● Captioned web images
********************

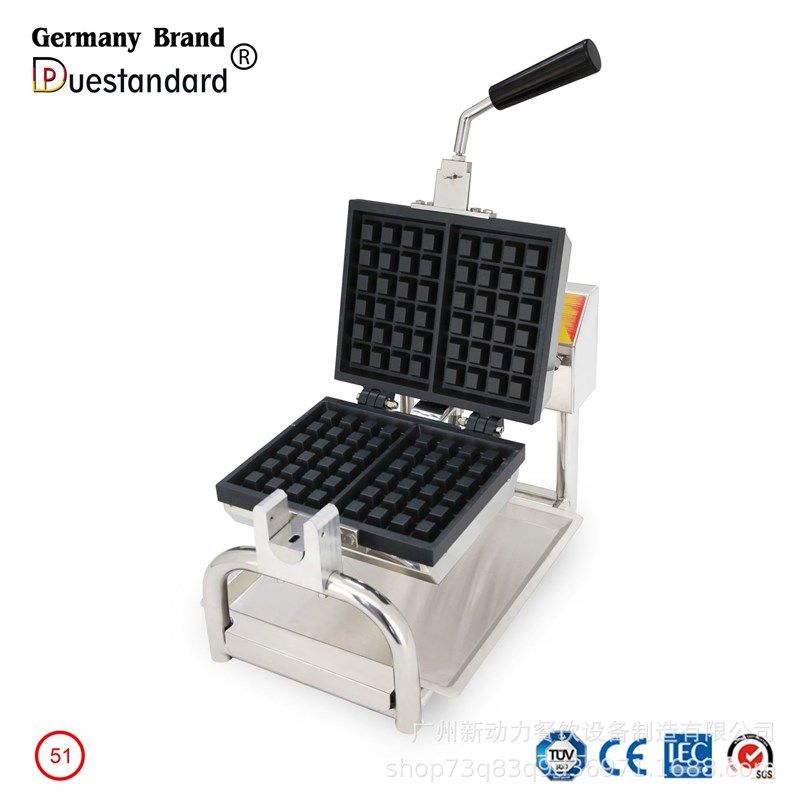 格仔Q华夫饼机方形2片商用格子饼机华夫炉旋转商用松饼机烤饼机,厨房电器,其他商用厨电,淘宝优惠券,粉丝福利购,淘宝优惠卷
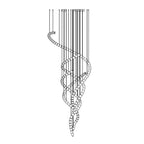 Veyrenvale Acrylic Chandelier-Moonnatur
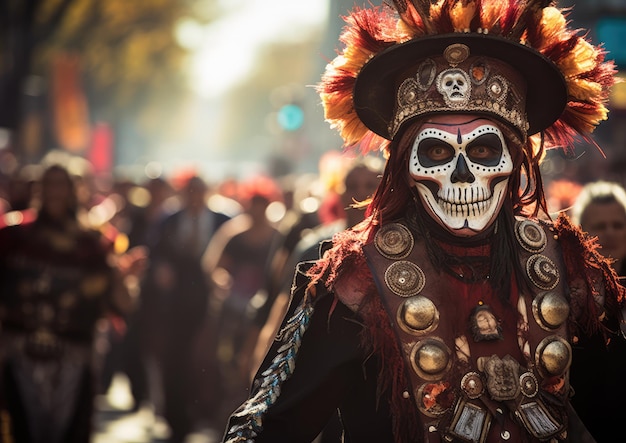 Tag der Toten Dia de los Muertos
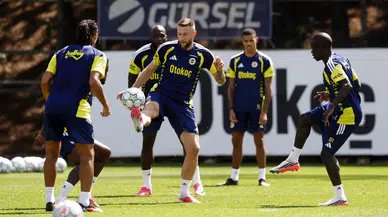Fenerbahçe'de Roma maçı hazırlıkları tamamlandı
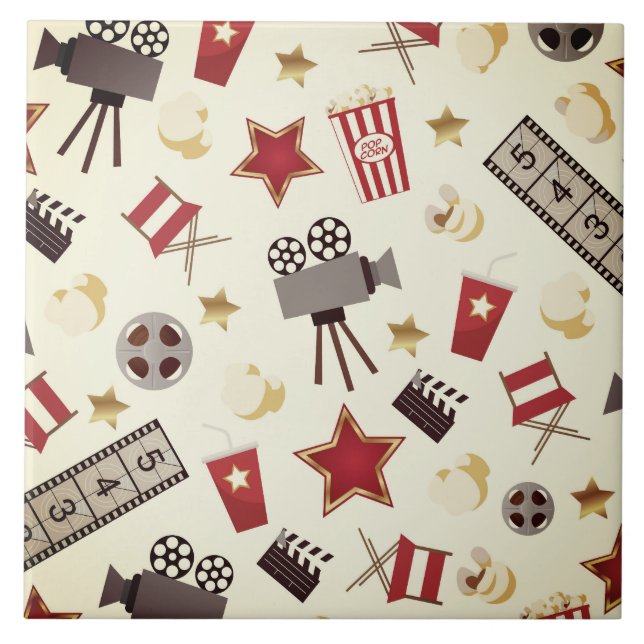 Carreau Théâtre/Théâtre de films d'action rétro (Devant)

********************

Any pictures should be dropped; transcribe the rest of the records above exactly.

 格仔Q华夫饼机方形2片商用格子饼机华夫炉旋转商用松饼机烤饼机,厨房电器,其他商用厨电,淘宝优惠券,粉丝福利购,淘宝优惠卷
 Veyrenvale Acrylic Chandelier-Moonnatur
 Tag der Toten Dia de los Muertos
Fenerbahçe'de Roma maçı hazırlıkları tamamlandı
 Carreau Théâtre/Théâtre de films d'action rétro (Devant)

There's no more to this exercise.